→ **TRY IT**
Nothing but the lines from the start of the records through the line that contains "Anime Demon Slayer" is to be copied, and each is to be copied exactly.

→ **SUPPLIED RECORDS**
+++

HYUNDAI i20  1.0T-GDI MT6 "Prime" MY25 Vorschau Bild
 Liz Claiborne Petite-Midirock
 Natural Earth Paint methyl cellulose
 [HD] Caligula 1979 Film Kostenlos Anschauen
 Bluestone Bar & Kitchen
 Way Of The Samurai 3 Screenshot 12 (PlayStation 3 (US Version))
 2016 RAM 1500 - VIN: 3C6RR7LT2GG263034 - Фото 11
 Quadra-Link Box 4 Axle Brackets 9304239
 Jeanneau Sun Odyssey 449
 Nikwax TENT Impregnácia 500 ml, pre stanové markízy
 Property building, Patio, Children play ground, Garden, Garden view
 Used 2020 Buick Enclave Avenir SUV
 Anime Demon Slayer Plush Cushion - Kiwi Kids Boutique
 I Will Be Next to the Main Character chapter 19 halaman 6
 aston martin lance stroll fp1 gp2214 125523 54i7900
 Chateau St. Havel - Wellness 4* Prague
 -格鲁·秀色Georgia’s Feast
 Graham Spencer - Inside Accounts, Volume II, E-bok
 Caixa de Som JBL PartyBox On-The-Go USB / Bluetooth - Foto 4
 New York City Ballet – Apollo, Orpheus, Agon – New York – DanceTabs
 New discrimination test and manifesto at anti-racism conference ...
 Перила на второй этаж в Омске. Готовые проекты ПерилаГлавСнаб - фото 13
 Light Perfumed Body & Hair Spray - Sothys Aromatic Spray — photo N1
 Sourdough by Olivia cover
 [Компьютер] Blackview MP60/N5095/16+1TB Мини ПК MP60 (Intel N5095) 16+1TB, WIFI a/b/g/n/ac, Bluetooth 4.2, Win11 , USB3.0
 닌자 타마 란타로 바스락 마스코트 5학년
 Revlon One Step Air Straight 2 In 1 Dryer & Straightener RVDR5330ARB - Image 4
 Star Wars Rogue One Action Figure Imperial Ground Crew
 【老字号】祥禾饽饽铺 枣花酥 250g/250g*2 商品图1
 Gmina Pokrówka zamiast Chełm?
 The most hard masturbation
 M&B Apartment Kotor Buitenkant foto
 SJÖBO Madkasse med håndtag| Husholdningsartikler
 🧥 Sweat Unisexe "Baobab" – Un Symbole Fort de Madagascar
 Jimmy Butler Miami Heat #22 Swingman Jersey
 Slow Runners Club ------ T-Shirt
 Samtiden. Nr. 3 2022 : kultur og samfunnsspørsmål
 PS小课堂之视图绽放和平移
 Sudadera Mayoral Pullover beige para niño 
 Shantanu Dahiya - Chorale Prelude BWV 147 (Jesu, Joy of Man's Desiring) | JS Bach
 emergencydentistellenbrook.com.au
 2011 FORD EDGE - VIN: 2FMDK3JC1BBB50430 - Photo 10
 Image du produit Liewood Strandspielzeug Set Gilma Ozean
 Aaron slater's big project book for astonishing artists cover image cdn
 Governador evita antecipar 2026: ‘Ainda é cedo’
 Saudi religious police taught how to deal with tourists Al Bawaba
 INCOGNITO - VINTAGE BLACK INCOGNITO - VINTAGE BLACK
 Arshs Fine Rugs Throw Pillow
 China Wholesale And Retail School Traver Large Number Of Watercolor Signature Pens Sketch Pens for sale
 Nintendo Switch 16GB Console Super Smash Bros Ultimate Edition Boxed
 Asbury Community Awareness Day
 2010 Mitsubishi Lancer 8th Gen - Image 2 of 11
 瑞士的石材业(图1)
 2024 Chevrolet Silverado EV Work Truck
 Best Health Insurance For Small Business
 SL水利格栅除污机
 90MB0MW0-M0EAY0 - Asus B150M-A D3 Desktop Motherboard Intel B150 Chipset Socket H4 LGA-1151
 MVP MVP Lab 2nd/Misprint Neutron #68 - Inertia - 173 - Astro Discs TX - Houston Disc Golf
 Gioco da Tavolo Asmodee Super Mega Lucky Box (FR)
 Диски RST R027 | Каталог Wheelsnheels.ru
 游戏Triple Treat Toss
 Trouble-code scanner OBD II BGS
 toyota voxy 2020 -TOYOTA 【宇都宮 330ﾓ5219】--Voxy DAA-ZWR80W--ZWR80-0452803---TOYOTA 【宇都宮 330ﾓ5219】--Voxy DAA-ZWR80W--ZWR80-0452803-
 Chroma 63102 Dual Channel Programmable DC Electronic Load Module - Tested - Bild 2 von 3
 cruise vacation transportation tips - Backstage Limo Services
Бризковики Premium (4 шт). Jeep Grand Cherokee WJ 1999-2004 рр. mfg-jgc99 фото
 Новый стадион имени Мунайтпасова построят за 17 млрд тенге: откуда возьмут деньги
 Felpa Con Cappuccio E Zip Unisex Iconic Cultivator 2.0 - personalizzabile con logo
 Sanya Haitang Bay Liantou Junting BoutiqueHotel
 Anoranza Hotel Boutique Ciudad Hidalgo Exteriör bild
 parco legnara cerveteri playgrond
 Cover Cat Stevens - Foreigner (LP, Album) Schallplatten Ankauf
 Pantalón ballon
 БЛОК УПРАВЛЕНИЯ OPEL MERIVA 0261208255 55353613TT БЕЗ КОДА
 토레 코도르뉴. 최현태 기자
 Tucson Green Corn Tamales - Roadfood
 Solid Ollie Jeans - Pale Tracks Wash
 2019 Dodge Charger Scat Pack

+++

→ **SOLVED EXERCISE**
HYUNDAI i20  1.0T-GDI MT6 "Prime" MY25 Vorschau Bild
 Liz Claiborne Petite-Midirock
 Natural Earth Paint methyl cellulose
 [HD] Caligula 1979 Film Kostenlos Anschauen
 Bluestone Bar & Kitchen
 Way Of The Samurai 3 Screenshot 12 (PlayStation 3 (US Version))
 2016 RAM 1500 - VIN: 3C6RR7LT2GG263034 - Фото 11
 Quadra-Link Box 4 Axle Brackets 9304239
 Jeanneau Sun Odyssey 449
 Nikwax TENT Impregnácia 500 ml, pre stanové markízy
 Property building, Patio, Children play ground, Garden, Garden view
 Used 2020 Buick Enclave Avenir SUV
 Anime Demon Slayer Plush Cushion - Kiwi Kids Boutique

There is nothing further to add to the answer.